Case Study: Agency Helps A Legacy of Giving Update Its PR Program, Extend Reach and Teach Kids How to Be Charitable

In 2011, Texas public schools lost $5.3 billion to massive budget cuts. As a result, schools were forced to cut valuable educational programs. One piece of curriculum in danger of losing its funding was A Legacy of Giving (Legacy), a nonprofit organization that teaches children to be philanthropists.

Seventeen of the schools that partnered with Legacy were Title 1 schools, which not only served a high percentage of students from low-income families, but also suffered some of the most severe budget cuts. Several of the schools had to immediately stop participating in the program, and Legacy was suddenly faced with losing up to 70% of its partnerships.

That’s when PetersGroup Public Relations stepped in. The agency volunteered to help Legacy streamline its costs, which would allow the program to continue running in all its partner schools.

Together with the Legacy board of executives, the PetersGroup came up with the following objective: Identify a cost-effective solution that would help Austin area schools retain the Legacy program for students, and maintain the integrity of the content and curriculum.

Students lend a helping hand at an event hosted by A Legacy of Giving. The program teaches children how to serve their communities and become more philanthropic.
Students lend a helping hand at an event hosted by A Legacy of Giving. The program teaches children how to serve their communities and become more philanthropic.


Linda Brucker, executive director of Legacy, said

that the word “philanthropy” has its roots in the Greek word for “benevolence to mankind.” Nowhere does the definition stipulate that only the likes of Warren Buffet, Bill Gates or Oprah Winfrey need apply. By working with some of the poorest schools in the district, Legacy enables children who have come to see themselves as solely recipients of others’ charity to give back themselves.

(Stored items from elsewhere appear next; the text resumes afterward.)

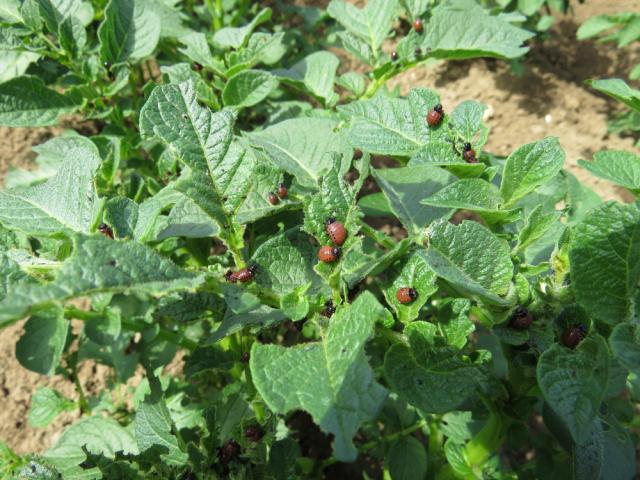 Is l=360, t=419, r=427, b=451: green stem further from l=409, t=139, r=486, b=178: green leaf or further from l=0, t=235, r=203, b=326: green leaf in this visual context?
l=0, t=235, r=203, b=326: green leaf

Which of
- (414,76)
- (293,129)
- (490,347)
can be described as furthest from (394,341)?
(414,76)

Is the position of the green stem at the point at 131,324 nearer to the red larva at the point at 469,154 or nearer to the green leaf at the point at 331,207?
the green leaf at the point at 331,207

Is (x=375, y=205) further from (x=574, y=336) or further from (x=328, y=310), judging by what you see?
(x=574, y=336)

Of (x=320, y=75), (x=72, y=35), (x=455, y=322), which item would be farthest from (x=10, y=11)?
(x=455, y=322)

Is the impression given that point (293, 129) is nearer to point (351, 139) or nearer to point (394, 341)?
point (351, 139)

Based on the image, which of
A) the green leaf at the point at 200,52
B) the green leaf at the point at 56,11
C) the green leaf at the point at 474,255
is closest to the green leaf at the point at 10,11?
the green leaf at the point at 56,11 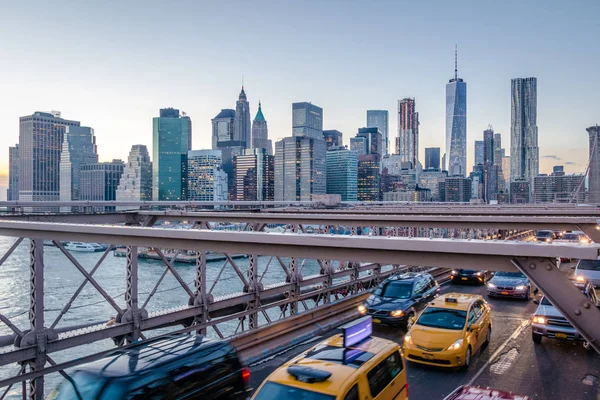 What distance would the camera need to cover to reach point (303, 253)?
7.08 meters

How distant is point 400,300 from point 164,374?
35.1 ft

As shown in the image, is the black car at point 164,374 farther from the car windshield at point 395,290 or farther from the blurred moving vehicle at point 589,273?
the blurred moving vehicle at point 589,273

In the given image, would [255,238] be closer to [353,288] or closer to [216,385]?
[216,385]

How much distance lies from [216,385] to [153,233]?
274 cm

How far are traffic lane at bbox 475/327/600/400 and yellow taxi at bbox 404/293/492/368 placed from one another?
2.24 ft

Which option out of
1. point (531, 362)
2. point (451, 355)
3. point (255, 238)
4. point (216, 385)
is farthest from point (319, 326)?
point (255, 238)

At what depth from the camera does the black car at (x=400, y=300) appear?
1522 cm

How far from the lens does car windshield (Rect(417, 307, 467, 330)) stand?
12059 mm

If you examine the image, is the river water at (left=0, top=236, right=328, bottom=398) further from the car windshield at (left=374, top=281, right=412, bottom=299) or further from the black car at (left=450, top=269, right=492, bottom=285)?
the black car at (left=450, top=269, right=492, bottom=285)

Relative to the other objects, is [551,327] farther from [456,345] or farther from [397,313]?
[397,313]

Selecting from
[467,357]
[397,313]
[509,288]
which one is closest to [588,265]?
[509,288]

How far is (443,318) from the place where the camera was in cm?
1241

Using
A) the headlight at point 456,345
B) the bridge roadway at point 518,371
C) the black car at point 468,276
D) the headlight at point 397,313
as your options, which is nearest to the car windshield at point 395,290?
the headlight at point 397,313

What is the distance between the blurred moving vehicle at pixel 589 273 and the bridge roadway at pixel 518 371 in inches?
248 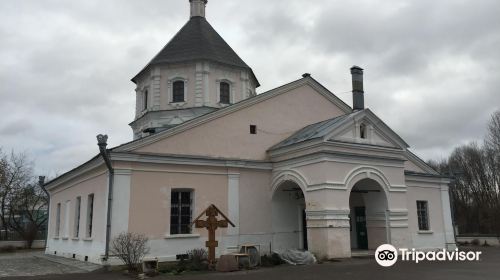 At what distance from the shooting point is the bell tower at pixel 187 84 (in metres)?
24.7

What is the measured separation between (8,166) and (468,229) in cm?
4327

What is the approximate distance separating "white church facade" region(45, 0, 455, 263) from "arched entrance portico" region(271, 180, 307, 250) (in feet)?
0.14

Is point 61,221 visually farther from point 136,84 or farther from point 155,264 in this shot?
point 155,264

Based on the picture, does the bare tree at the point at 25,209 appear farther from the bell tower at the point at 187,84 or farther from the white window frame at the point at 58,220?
the bell tower at the point at 187,84

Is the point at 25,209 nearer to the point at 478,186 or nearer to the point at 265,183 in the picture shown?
the point at 265,183

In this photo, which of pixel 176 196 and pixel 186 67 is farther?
pixel 186 67

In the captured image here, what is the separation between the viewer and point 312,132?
19719mm

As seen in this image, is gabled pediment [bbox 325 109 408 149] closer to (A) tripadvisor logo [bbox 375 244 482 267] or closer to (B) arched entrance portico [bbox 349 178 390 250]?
(B) arched entrance portico [bbox 349 178 390 250]

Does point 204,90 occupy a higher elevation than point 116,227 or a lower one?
higher

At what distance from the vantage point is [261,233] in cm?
1958

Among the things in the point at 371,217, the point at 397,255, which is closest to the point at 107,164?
the point at 371,217

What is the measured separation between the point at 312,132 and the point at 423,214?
27.2ft

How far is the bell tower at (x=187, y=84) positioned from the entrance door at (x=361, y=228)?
875 centimetres

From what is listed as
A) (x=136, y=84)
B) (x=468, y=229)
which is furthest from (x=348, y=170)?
(x=468, y=229)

To illustrate her point, Brucker explained how a young girl approached her at an early Legacy event. “Excuse me are you Mrs. Brucker?” the girl asked. After introducing herself, the student thanked Brucker for the Legacy program, stating, “My family goes to the food bank to get the food. After doing your program, I realized I could be a giver, too.”

Brucker stressed that after participating in the Legacy program, the student will never be the recipient again. “We gave her permission, because she has talent and makes these great posters, to give back,” she said. “Now, she is the one changing the conversation.

“We live in an incredibly entitled society,” Brucker added. “What people forget to tell you is that you’re entitled to give back. If you don’t have that conversation, then entitlement will continue to rule.”

Legacy is built upon the belief that charity is intrinsic in every child, but our society has lost the ability to have a conversation about how to give. What’s so special about Legacy is that it infuses philanthropic methods into the curriculum of a child’s schoolwork.

The original Legacy program was expensive, because it required the hiring and training of well-qualified education specialists, in addition to the customization of curriculum for each grade level and class subject.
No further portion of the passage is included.